Assignment:
The answer is the line with "Shona Stone Sculpture" and every line after it to the end of the listing, retyped exactly. Pictures do not belong in it.

*** Opening Material to process ***

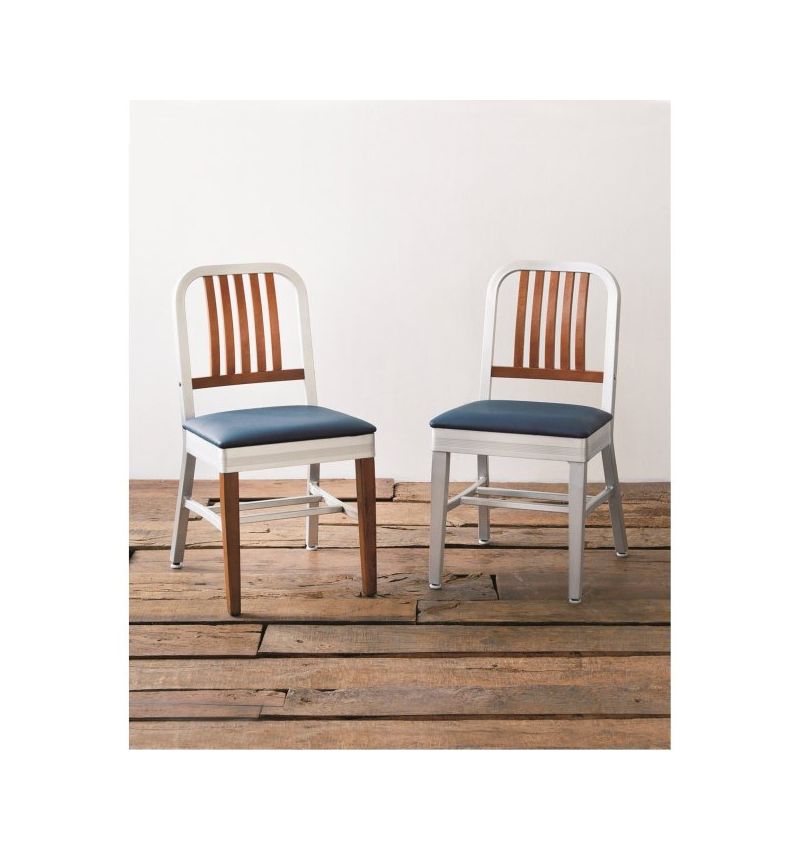 ACME Furniture(アクメファニチャー)ショアライン サイド チェア / アルミニウム レッグ / ネイビー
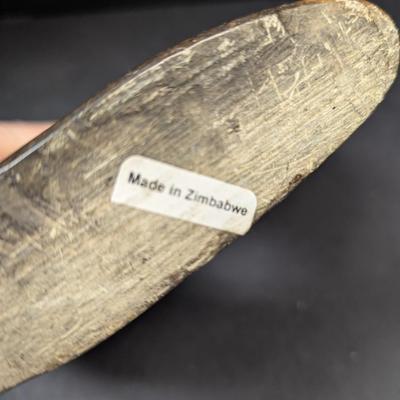 Shona Stone Sculpture Man Woman Made In Zimbabwe Abstract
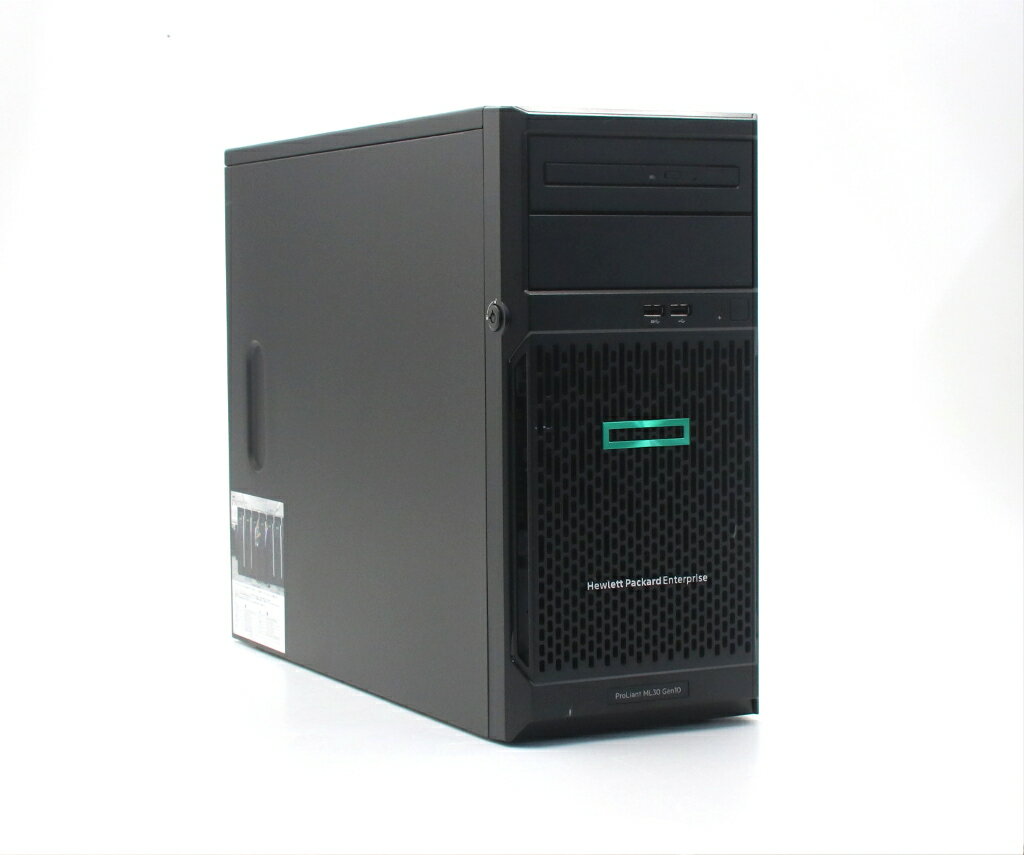 hp ProLiant ML30 Gen10 Xeon E-2124 3.3GHz 8GB 300GBx2台(SAS2.5インチ/12Gbps/RAID1構成) DVD-ROM S..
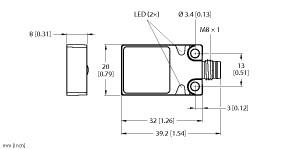 TURCK 1600501 / BI5-Q08-AP6X2-V1131/S34 Inductive Sensors
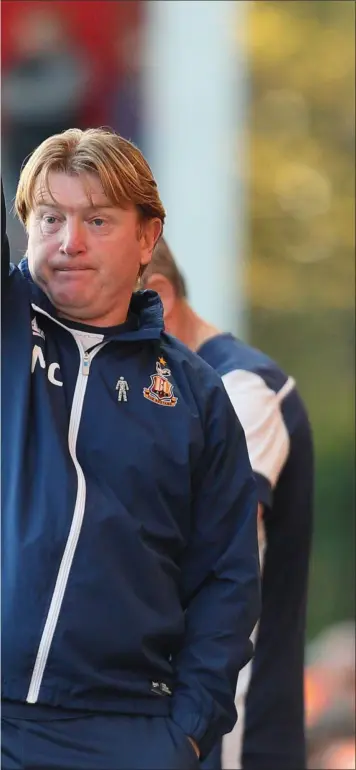  ??  ?? Stuart McCall was sacked by Bradford last season but has found his feet at League One side Irons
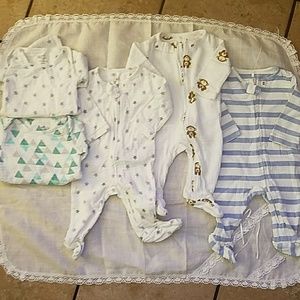 Baby onesie and footie pajamas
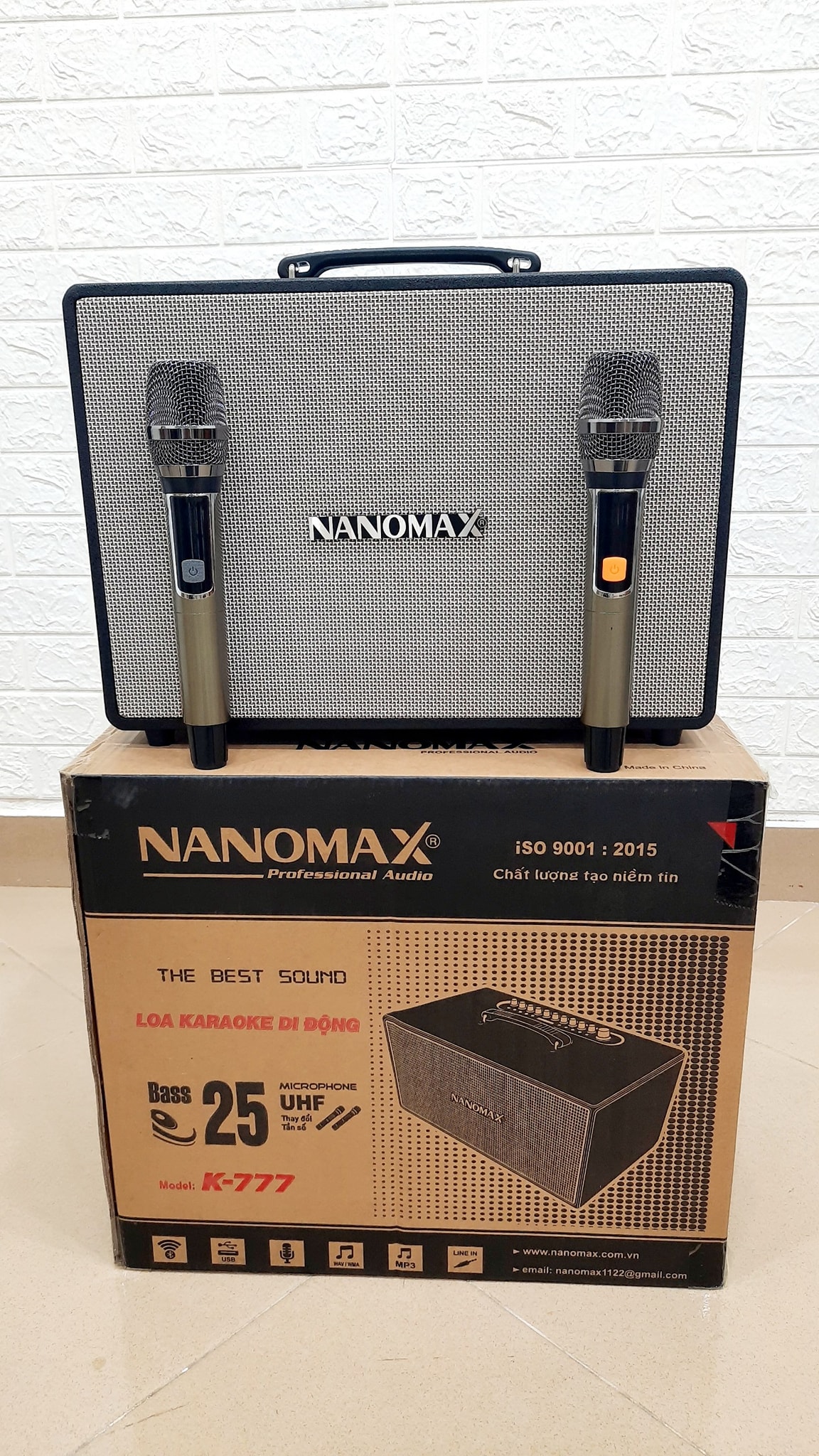 Loa karaoke di động Nanomax K777 - Hàng chính hãng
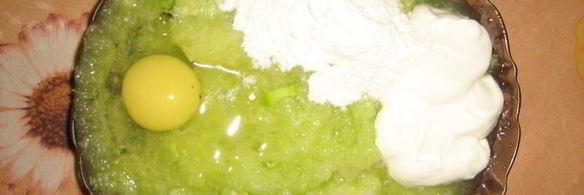 оладьи из кабачков с творогом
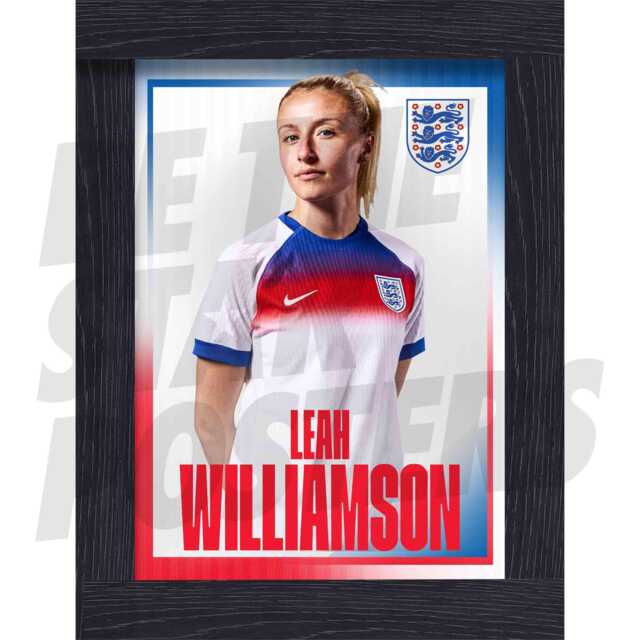 Lionesses Williamson 25/26 Home Headshot Poster - Officially Licensed Product A4/A3 Framed Options - image 1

*** Closing Material to process ***

Answer below:
 Shona Stone Sculpture Man Woman Made In Zimbabwe Abstract
 hp ProLiant ML30 Gen10 Xeon E-2124 3.3GHz 8GB 300GBx2台(SAS2.5インチ/12Gbps/RAID1構成) DVD-ROM S..
 TURCK 1600501 / BI5-Q08-AP6X2-V1131/S34 Inductive Sensors
  ??  ?? Stuart McCall was sacked by Bradford last season but has found his feet at League One side Irons
 Baby onesie and footie pajamas
 Loa karaoke di động Nanomax K777 - Hàng chính hãng
 оладьи из кабачков с творогом
 Lionesses Williamson 25/26 Home Headshot Poster - Officially Licensed Product A4/A3 Framed Options - image 1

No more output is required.